━━━ Entries provided

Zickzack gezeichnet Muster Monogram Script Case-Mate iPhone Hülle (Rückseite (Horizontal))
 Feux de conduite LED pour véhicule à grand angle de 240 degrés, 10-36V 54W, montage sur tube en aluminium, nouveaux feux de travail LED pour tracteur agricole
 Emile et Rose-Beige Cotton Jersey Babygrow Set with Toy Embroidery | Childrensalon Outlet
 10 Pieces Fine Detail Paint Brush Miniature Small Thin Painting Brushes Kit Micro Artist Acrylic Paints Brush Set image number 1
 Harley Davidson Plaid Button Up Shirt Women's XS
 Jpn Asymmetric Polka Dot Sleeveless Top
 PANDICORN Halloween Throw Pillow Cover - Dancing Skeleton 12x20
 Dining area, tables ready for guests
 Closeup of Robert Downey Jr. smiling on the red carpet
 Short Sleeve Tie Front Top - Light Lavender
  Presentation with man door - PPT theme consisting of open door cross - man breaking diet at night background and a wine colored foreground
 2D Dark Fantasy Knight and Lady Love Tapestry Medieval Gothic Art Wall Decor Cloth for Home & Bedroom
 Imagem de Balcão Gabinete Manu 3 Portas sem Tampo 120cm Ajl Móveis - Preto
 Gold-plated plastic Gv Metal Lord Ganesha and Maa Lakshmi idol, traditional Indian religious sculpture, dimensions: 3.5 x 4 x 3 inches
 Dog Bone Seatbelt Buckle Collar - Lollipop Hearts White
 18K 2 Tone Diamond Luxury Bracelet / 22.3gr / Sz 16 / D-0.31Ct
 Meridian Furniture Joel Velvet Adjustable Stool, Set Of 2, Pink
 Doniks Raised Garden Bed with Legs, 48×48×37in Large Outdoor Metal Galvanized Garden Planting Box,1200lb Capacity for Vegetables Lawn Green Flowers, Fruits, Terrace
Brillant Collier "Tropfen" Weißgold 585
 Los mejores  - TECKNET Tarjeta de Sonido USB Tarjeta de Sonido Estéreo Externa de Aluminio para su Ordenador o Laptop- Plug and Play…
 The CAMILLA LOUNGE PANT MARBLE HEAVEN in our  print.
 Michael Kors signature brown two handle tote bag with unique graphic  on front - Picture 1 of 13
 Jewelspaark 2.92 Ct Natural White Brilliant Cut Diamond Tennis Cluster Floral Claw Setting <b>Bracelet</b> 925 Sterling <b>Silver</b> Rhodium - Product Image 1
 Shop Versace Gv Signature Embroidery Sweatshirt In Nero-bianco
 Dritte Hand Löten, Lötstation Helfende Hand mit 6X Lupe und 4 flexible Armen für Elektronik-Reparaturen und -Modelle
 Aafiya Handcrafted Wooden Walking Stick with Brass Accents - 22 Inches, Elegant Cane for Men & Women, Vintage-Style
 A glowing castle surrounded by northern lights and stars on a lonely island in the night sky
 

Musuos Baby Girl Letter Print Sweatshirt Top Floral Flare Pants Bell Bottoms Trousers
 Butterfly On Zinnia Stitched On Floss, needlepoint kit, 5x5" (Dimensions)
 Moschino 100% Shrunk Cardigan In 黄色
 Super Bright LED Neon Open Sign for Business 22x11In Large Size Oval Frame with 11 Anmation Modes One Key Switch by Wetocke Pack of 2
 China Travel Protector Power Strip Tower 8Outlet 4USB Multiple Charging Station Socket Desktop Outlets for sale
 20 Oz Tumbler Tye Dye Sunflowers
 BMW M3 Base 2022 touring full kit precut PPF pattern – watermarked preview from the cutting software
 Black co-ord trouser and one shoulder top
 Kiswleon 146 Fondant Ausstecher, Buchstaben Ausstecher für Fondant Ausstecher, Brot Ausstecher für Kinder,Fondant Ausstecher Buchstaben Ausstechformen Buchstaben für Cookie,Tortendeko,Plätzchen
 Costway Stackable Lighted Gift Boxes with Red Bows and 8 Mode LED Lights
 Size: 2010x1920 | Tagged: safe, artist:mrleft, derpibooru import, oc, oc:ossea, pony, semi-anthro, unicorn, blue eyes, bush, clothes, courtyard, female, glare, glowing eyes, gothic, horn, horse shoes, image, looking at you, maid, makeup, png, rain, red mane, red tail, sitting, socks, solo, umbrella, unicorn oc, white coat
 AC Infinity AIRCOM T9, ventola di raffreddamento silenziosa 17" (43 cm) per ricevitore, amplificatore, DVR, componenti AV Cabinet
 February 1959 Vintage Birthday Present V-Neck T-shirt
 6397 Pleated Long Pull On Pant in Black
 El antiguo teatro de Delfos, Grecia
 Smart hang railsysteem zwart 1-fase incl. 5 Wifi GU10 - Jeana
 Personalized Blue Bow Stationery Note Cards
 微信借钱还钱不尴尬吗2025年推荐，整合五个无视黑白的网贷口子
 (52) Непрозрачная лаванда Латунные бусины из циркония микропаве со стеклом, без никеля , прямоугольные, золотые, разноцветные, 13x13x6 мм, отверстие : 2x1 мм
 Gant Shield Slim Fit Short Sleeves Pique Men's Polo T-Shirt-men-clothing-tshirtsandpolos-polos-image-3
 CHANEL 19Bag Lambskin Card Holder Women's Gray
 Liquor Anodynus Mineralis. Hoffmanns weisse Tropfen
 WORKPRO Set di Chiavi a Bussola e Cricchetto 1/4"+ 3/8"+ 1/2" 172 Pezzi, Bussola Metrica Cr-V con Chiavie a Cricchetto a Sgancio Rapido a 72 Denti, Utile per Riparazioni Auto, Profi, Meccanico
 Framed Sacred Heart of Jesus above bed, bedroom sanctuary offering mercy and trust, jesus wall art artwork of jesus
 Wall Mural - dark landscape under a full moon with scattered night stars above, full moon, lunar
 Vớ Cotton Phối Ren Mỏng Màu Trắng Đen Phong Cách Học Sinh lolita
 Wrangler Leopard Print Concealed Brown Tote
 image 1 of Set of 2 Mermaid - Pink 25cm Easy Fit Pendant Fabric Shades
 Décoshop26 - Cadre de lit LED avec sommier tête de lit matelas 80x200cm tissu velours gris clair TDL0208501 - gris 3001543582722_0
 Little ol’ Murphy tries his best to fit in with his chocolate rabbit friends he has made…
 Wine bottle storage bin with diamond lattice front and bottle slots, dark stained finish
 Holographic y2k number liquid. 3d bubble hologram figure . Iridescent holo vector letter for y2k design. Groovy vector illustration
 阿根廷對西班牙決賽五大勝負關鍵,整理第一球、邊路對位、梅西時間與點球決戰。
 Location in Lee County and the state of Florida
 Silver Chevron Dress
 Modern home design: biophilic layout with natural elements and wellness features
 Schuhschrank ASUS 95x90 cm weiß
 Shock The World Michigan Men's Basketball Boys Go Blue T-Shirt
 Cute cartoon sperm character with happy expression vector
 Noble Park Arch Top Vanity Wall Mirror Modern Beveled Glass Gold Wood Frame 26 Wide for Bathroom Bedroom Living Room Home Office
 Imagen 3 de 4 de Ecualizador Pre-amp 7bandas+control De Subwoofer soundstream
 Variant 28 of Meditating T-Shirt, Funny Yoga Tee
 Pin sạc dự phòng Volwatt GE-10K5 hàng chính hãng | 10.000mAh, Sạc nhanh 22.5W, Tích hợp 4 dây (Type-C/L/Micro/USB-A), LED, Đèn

━━━━━━

*Exercise aim*: Look in the material above for the line with "BMW M3 Base" and the line with "(52) Непрозрачная лаванда", and transcribe exactly those lines and all lines between them, nothing more.

*Output for this exercise*:
 BMW M3 Base 2022 touring full kit precut PPF pattern – watermarked preview from the cutting software
 Black co-ord trouser and one shoulder top
 Kiswleon 146 Fondant Ausstecher, Buchstaben Ausstecher für Fondant Ausstecher, Brot Ausstecher für Kinder,Fondant Ausstecher Buchstaben Ausstechformen Buchstaben für Cookie,Tortendeko,Plätzchen
 Costway Stackable Lighted Gift Boxes with Red Bows and 8 Mode LED Lights
 Size: 2010x1920 | Tagged: safe, artist:mrleft, derpibooru import, oc, oc:ossea, pony, semi-anthro, unicorn, blue eyes, bush, clothes, courtyard, female, glare, glowing eyes, gothic, horn, horse shoes, image, looking at you, maid, makeup, png, rain, red mane, red tail, sitting, socks, solo, umbrella, unicorn oc, white coat
 AC Infinity AIRCOM T9, ventola di raffreddamento silenziosa 17" (43 cm) per ricevitore, amplificatore, DVR, componenti AV Cabinet
 February 1959 Vintage Birthday Present V-Neck T-shirt
 6397 Pleated Long Pull On Pant in Black
 El antiguo teatro de Delfos, Grecia
 Smart hang railsysteem zwart 1-fase incl. 5 Wifi GU10 - Jeana
 Personalized Blue Bow Stationery Note Cards
 微信借钱还钱不尴尬吗2025年推荐，整合五个无视黑白的网贷口子
 (52) Непрозрачная лаванда Латунные бусины из циркония микропаве со стеклом, без никеля , прямоугольные, золотые, разноцветные, 13x13x6 мм, отверстие : 2x1 мм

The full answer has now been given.